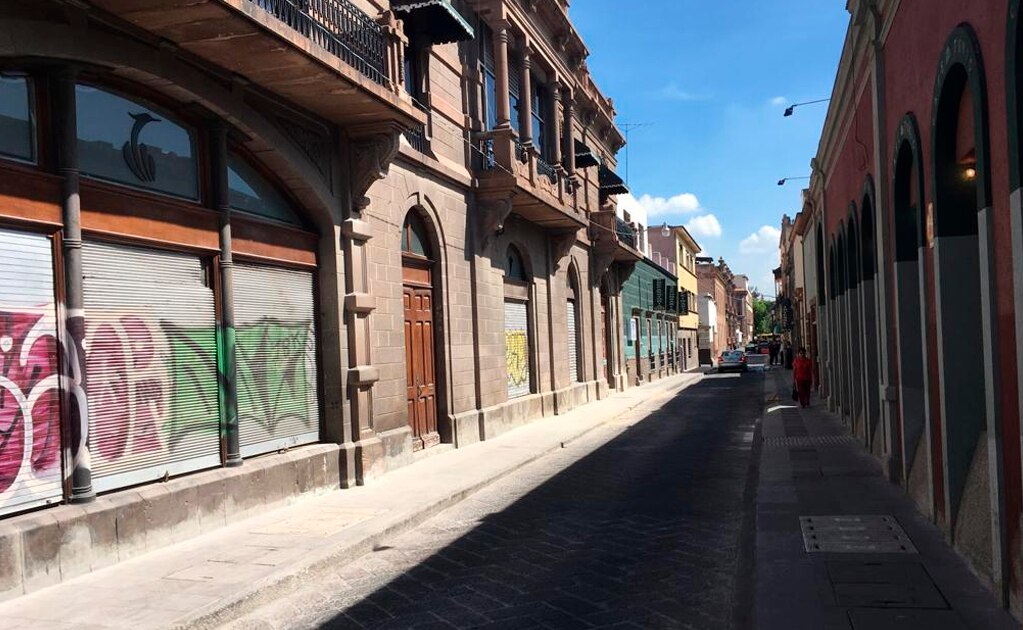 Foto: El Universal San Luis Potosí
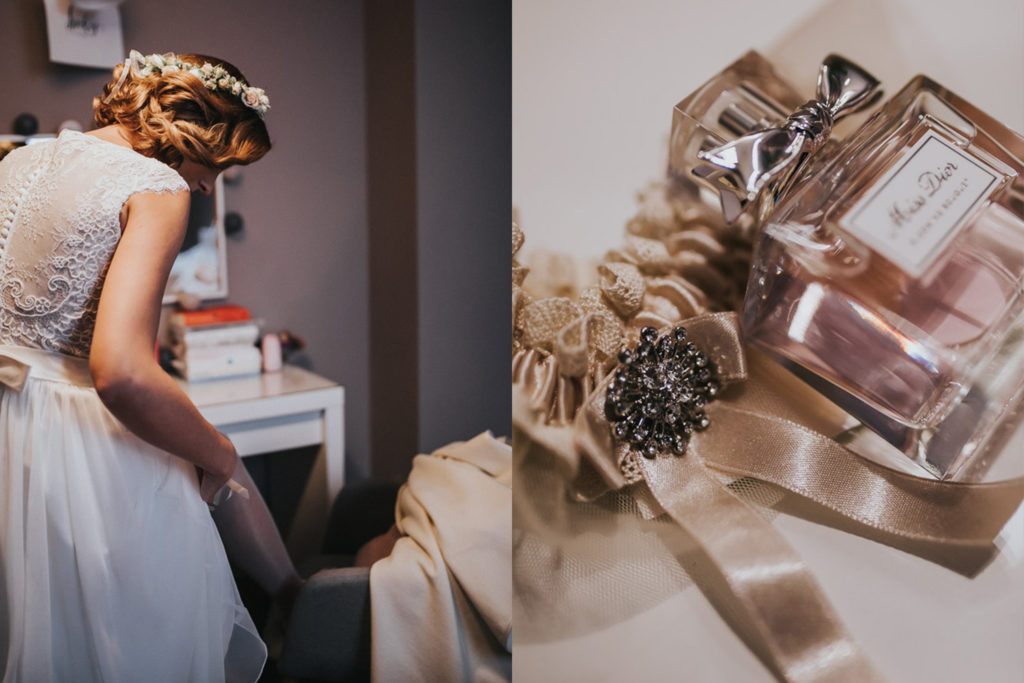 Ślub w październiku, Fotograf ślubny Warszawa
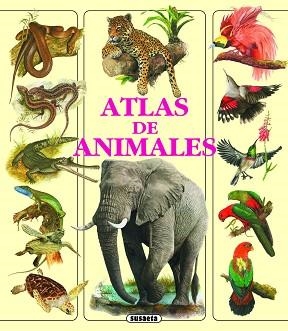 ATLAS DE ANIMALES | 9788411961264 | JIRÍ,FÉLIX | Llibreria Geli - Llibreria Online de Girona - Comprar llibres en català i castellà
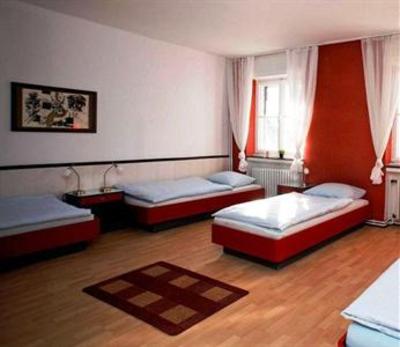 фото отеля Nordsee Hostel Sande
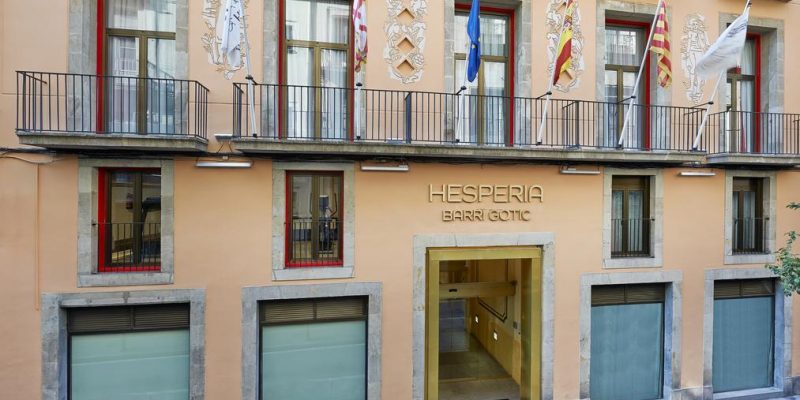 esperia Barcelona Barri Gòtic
...
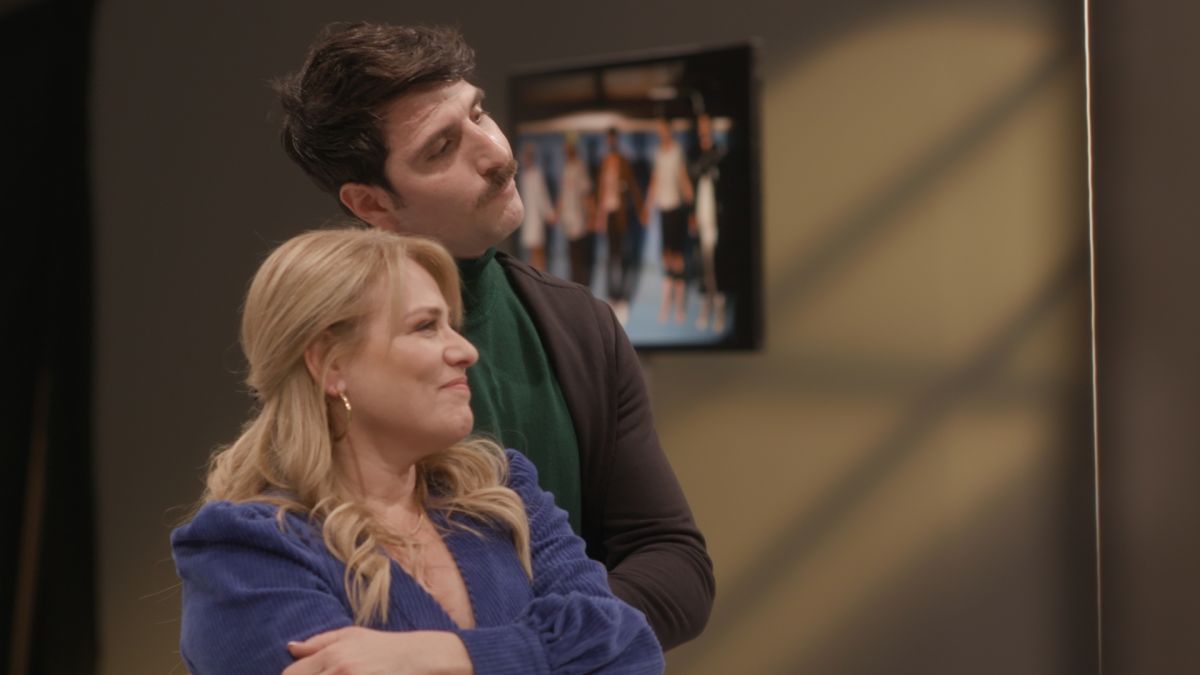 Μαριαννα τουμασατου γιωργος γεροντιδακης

◆ **What this task involves**
Quote the lines above exactly, starting with the one that has "ATLAS DE ANIMALES" and ending with the one that has "esperia Barcelona Barri Gòtic"; drop the pictures and include nothing else.

◆ **Exercise solution**
 ATLAS DE ANIMALES | 9788411961264 | JIRÍ,FÉLIX | Llibreria Geli - Llibreria Online de Girona - Comprar llibres en català i castellà
 фото отеля Nordsee Hostel Sande
 esperia Barcelona Barri Gòtic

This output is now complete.